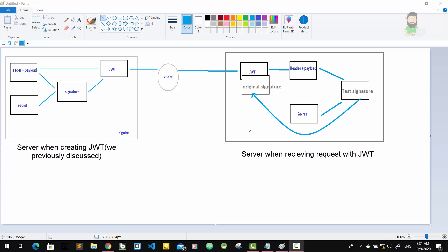So the original signature will never correspond to the manipulated data, and therefore the verification will always fail in this case. And that's the key to making this whole system work. It's the magic that makes JWT so simple but also extremely powerful.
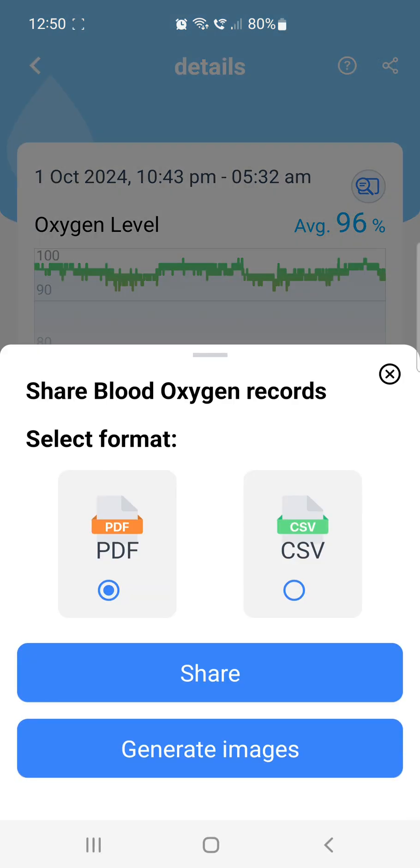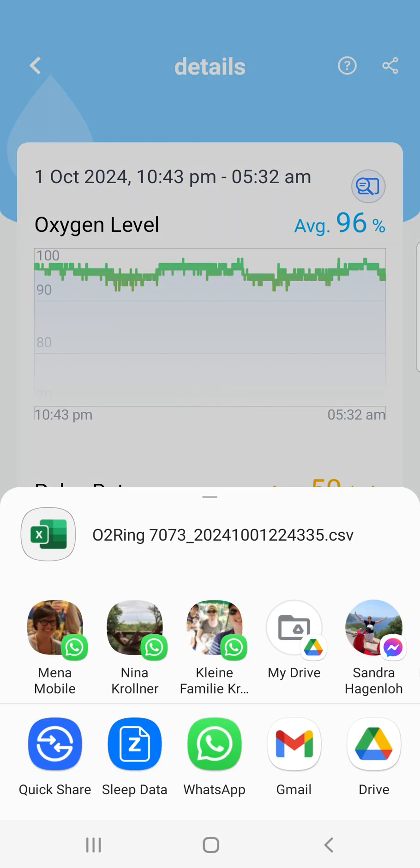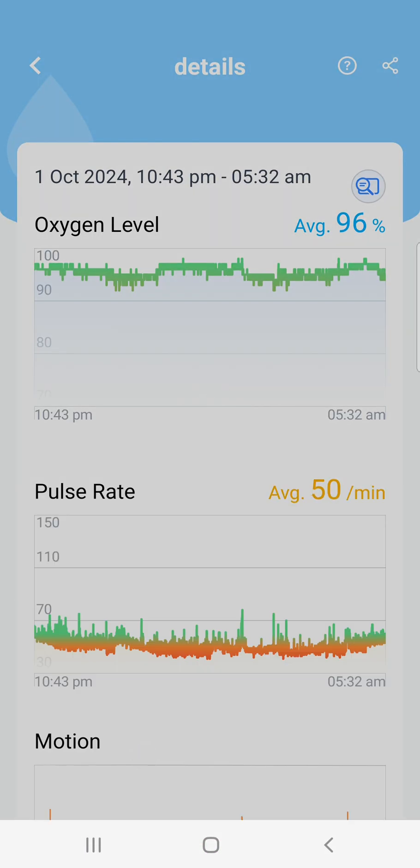When it asks for the file format, make sure to choose CSV. In the Data Sharing screen, select the Sleep Data app.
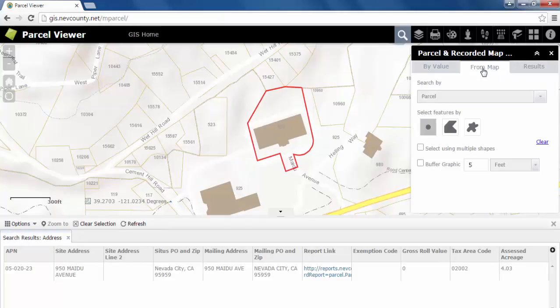Select the Buffer Graphic option and enter your desired feet, miles, or meter amount. For this example, we are going to use 300 feet.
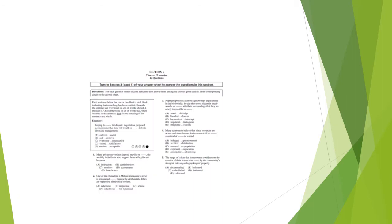Here's an example for question five: 'The range of colors that homeowners could use on the exterior of their houses was blanked by the community's stringent rules regarding upkeep of property.' We know we want something that means 'governed.' We know 'embellish' means to add or decorate, so that wouldn't work. 'Cultivate' and 'bolstered' (to prop up) don't fit either. The prefix 'circum' means around, and 'prescribed' means written down, so by process of elimination the answer is 'circumscribed,' meaning written down or regulated.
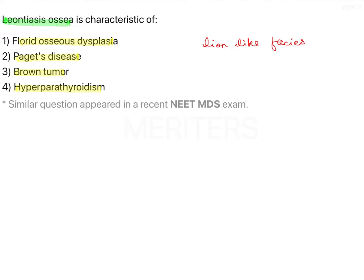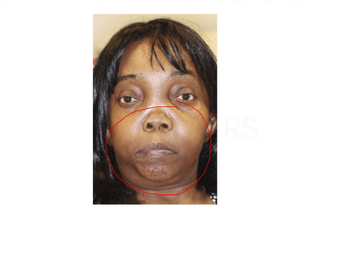This is an example of how the patient looks when they have Leontiasis ossia. As you can see, there is some amount of excessive deposition on the jaws — the maxilla as well as the mandible — giving them a peculiar protruded appearance, which is known as lion-like faces, or Leontiasis ossia.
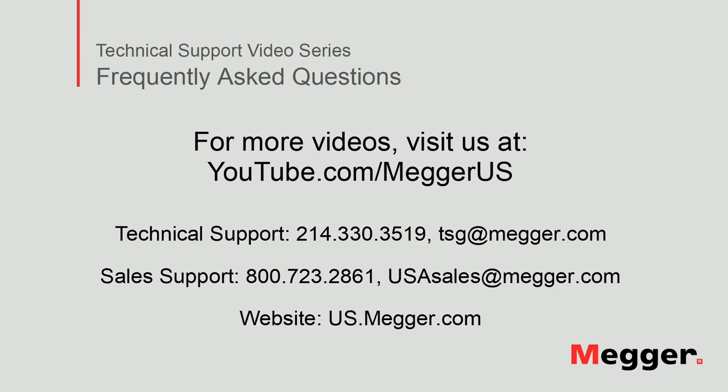Visit the Megger YouTube channel for more videos including technical webinars, product overviews and other how-to presentations similar to this one. Contact us for questions or more information about this topic or for any support you might need for your electrical testing.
·····
Start to finish, write out the data above exactly, omitting all pictures.

So the original signature will never correspond to the manipulated data, and therefore the verification will always fail in this case. And that's the key to making this whole system work. It's the magic that makes JWT so simple but also extremely powerful.
When it asks for the file format, make sure to choose CSV. In the Data Sharing screen, select the Sleep Data app.
Select the Buffer Graphic option and enter your desired feet, miles, or meter amount. For this example, we are going to use 300 feet.
Here's an example for question five: 'The range of colors that homeowners could use on the exterior of their houses was blanked by the community's stringent rules regarding upkeep of property.' We know we want something that means 'governed.' We know 'embellish' means to add or decorate, so that wouldn't work. 'Cultivate' and 'bolstered' (to prop up) don't fit either. The prefix 'circum' means around, and 'prescribed' means written down, so by process of elimination the answer is 'circumscribed,' meaning written down or regulated.
This is an example of how the patient looks when they have Leontiasis ossia. As you can see, there is some amount of excessive deposition on the jaws — the maxilla as well as the mandible — giving them a peculiar protruded appearance, which is known as lion-like faces, or Leontiasis ossia.
Visit the Megger YouTube channel for more videos including technical webinars, product overviews and other how-to presentations similar to this one. Contact us for questions or more information about this topic or for any support you might need for your electrical testing.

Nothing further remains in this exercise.